What is expected:
All of the data that follows should be retyped exactly, please, except the pictures.

(Exercise data begins)

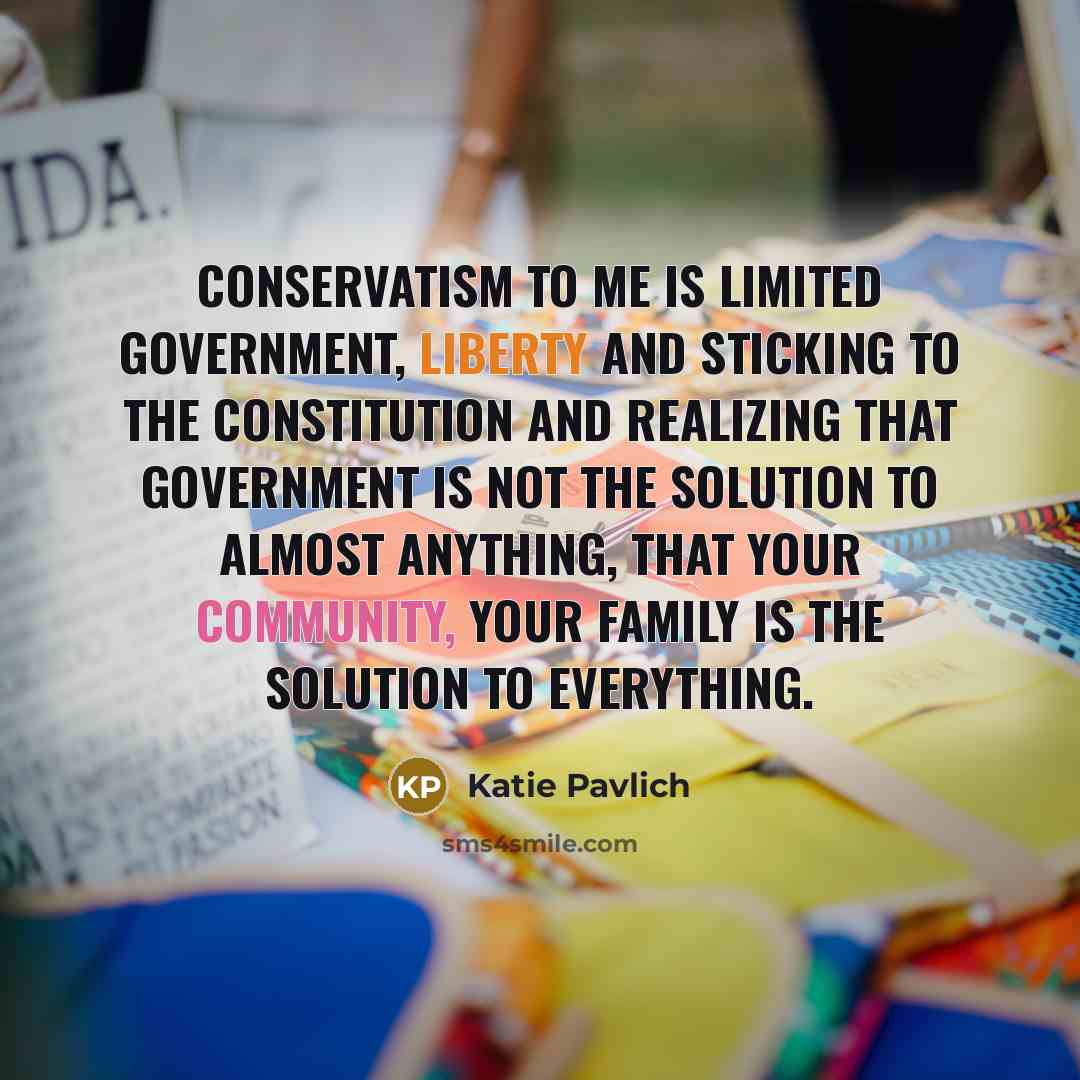 “Conservatism to me is limited government, liberty and sticking to…” quote by Katie Pavlich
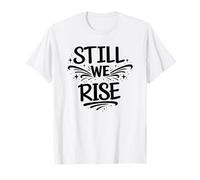 Still We Rise Motivational Inspirational Quote T-Shirt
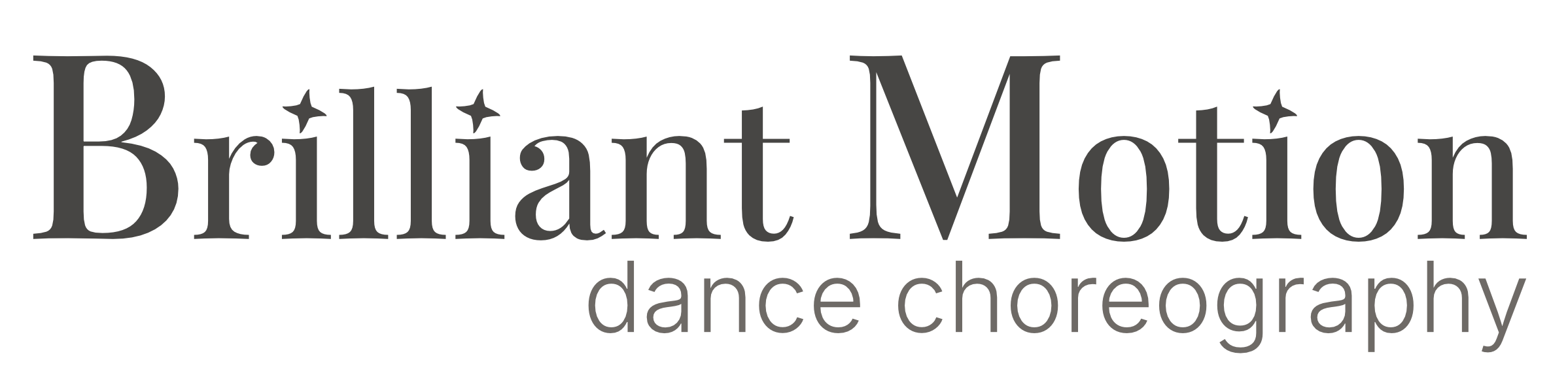 Brilliant Motion, Dance Choreography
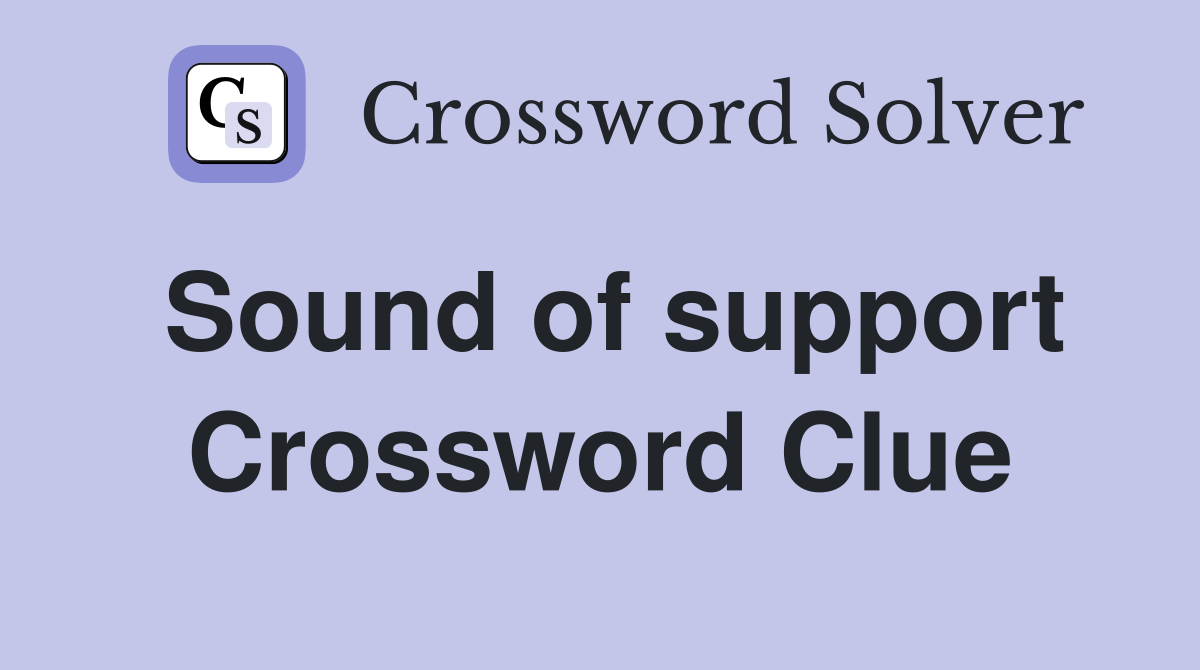 Sound of support Crossword Clue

(Exercise data ends)

Task response:
 “Conservatism to me is limited government, liberty and sticking to…” quote by Katie Pavlich
 Still We Rise Motivational Inspirational Quote T-Shirt
 Brilliant Motion, Dance Choreography
 Sound of support Crossword Clue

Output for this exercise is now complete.